- _WORK TO COMPLETE_: Without changing a word, return the listing below, minus its images.

- _RAW DATA_:
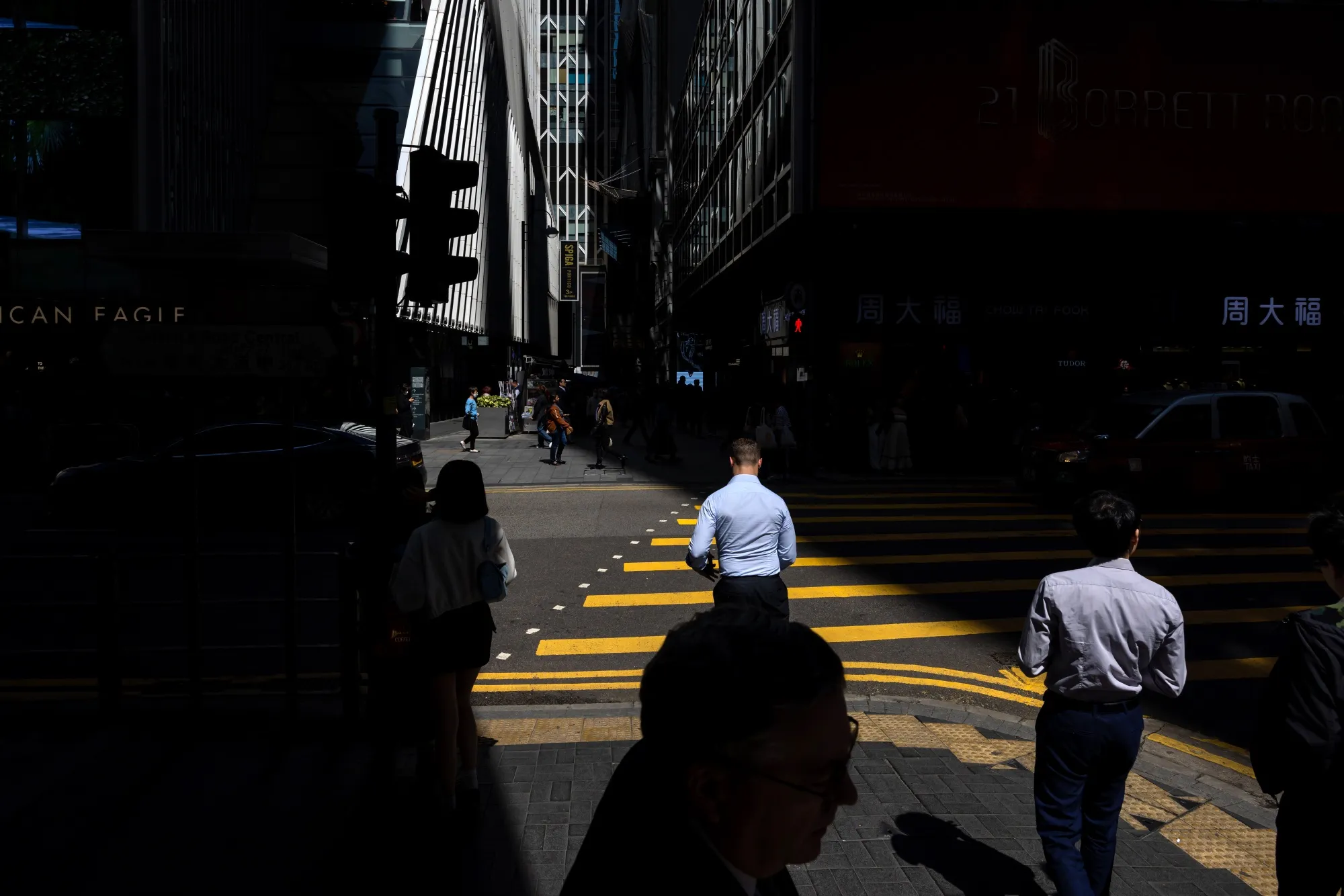 Layoffs, the retreat of capital into China&nbsp;and Hong Kong’s diminishing role are weighing on bankers in the city.
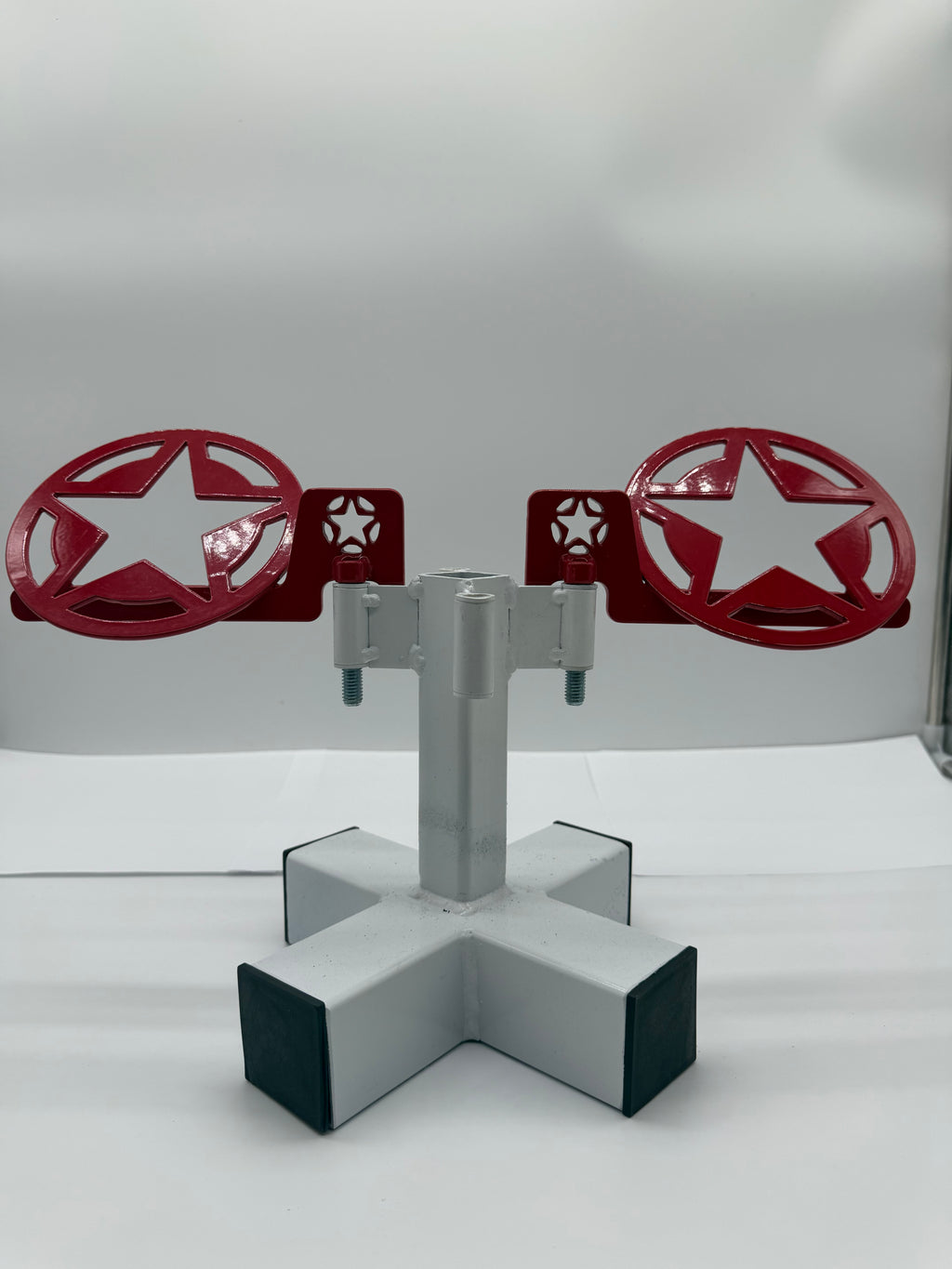 SJO  Foot Pegs (Star)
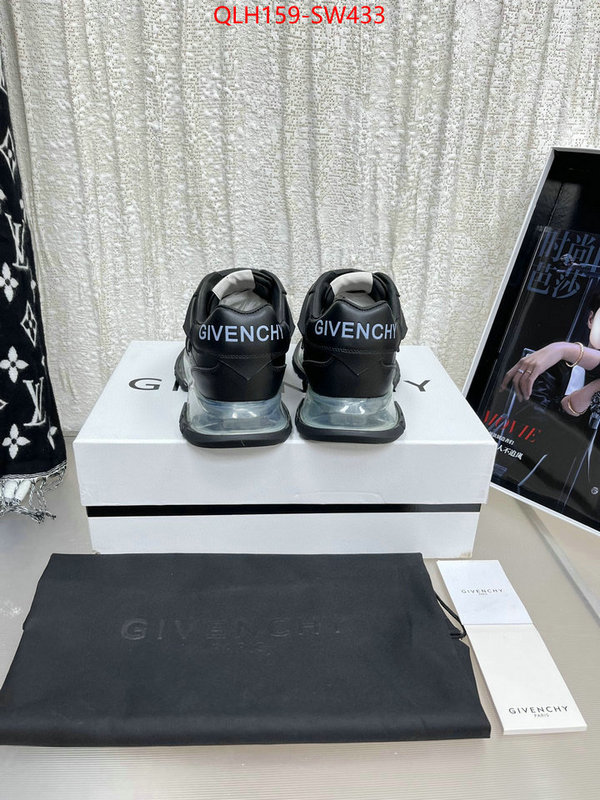 Men shoes-Givenchy,fake aaaaa , ID: SW433,$: 159USD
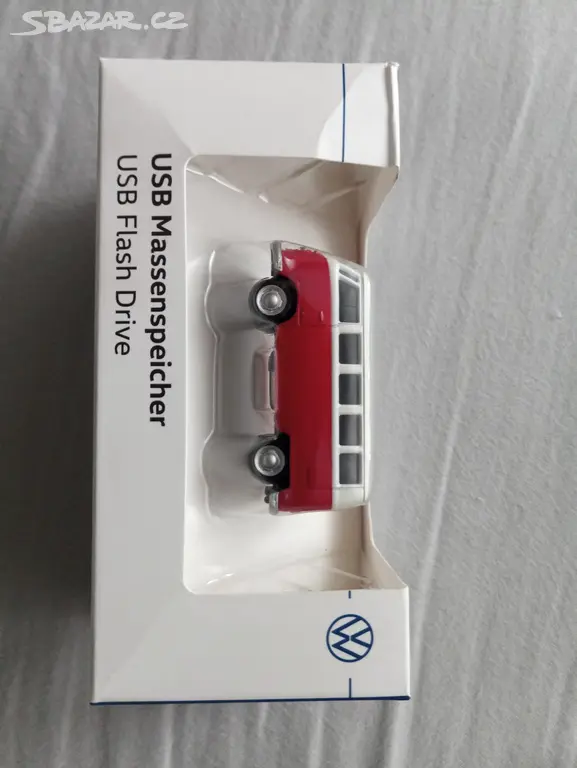 Náhled: Prodám USB flash VW transporter T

- _SOLUTION TO THE PROBLEM_:
 Layoffs, the retreat of capital into China&nbsp;and Hong Kong’s diminishing role are weighing on bankers in the city.
 SJO  Foot Pegs (Star)
 Men shoes-Givenchy,fake aaaaa , ID: SW433,$: 159USD
 Náhled: Prodám USB flash VW transporter T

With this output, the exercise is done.